At Clinical Brain Lab, we combine neuroimaging, electrophysiology, optical imaging, neuromodulation, and physiological measures to study how brain systems support cognition, learning, ageing, emotion, and social behaviour.
Magnetic Resonance Imaging (MRI) lets us measure brain structure and function non-invasively. In the lab, MRI-based methods help us study individual differences in brain anatomy, task-related activation, functional connectivity, white-matter pathways, and neurochemical markers.
Electroencephalography (EEG) records electrical activity from the scalp with high temporal resolution, allowing the lab to study fast changes in attention, cognition, emotion, and learning.
Magnetoencephalography (MEG) measures magnetic fields generated by neural activity. Like EEG, MEG offers high temporal resolution and can be used to study fast brain dynamics, oscillatory activity, functional connectivity, and event-related responses, with complementary spatial sensitivity to electrophysiological signals.

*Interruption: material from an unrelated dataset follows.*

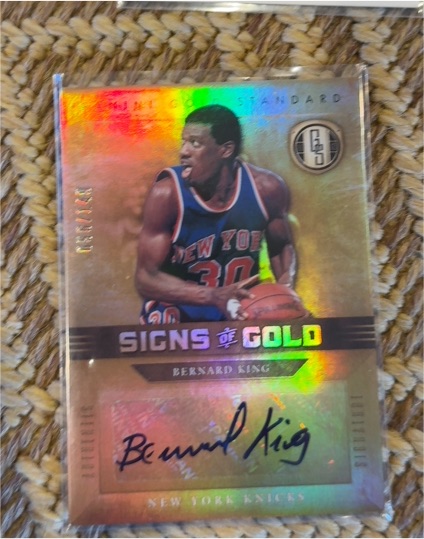 2011-12 Panini Gold Standard Signs of Gold #SG-83 Bernard King — front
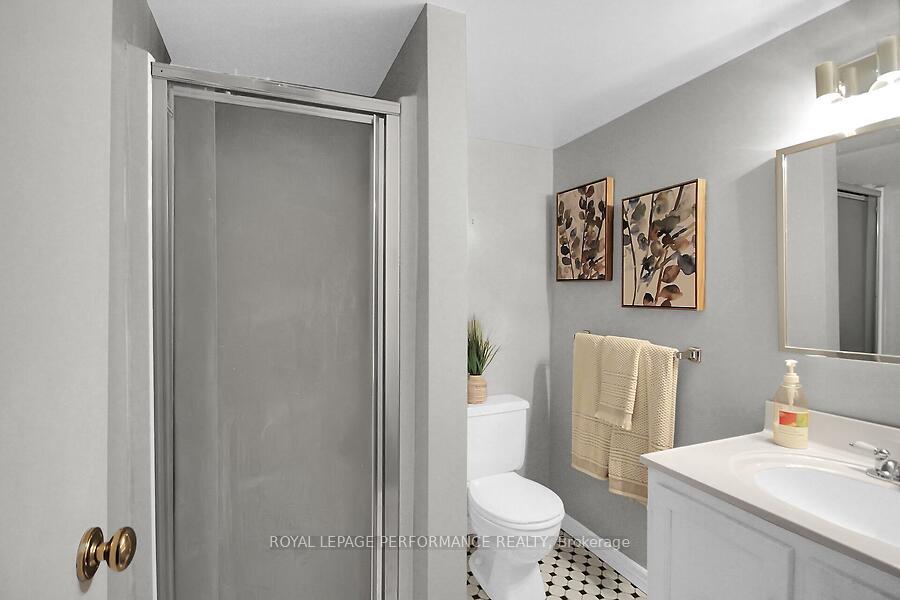Photo 35 of 34 Hilliard Avenue, Ottawa, City View/Skyline/Fisher Heights/Parkwood Hills — HOMEH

Functional near-infrared spectroscopy (fNIRS) measures changes in oxygenated and deoxygenated haemoglobin from the scalp. It is useful for studying cortical responses in naturalistic, child-friendly, and interaction-rich settings.
fNIRS hyperscanning records from two or more people at the same time, supporting studies of social interaction, communication, coordination, and learning in dyads or groups.
Transcranial Magnetic Stimulation (TMS) uses magnetic pulses to stimulate cortical tissue non-invasively. In the lab, TMS can be used to probe brain-behaviour relationships, cortical excitability, and neuroplasticity.
Transcranial Direct Current Stimulation (tDCS) applies weak direct current through scalp electrodes to modulate cortical excitability. The lab uses tDCS to study pathway-specific modulation, reading and language networks, and individualized stimulation approaches.
The lab has also developed analysis tools for tDCS modeling. SATA supports systematic analysis of simulated tDCS montages, and i-SATA extends this approach to individual head models for estimating current density generated by tDCS.
Heart rate and heart rate variability (HRV) provide physiological indices of autonomic regulation. In lab studies, HR and HRV can complement brain and behavioural measures in work on emotion, stress, cognition, ageing, and individual differences. The lab uses NeuroKit2 for neurophysiological signal processing, including workflows for electrocardiogram-derived heart rate and HRV measures.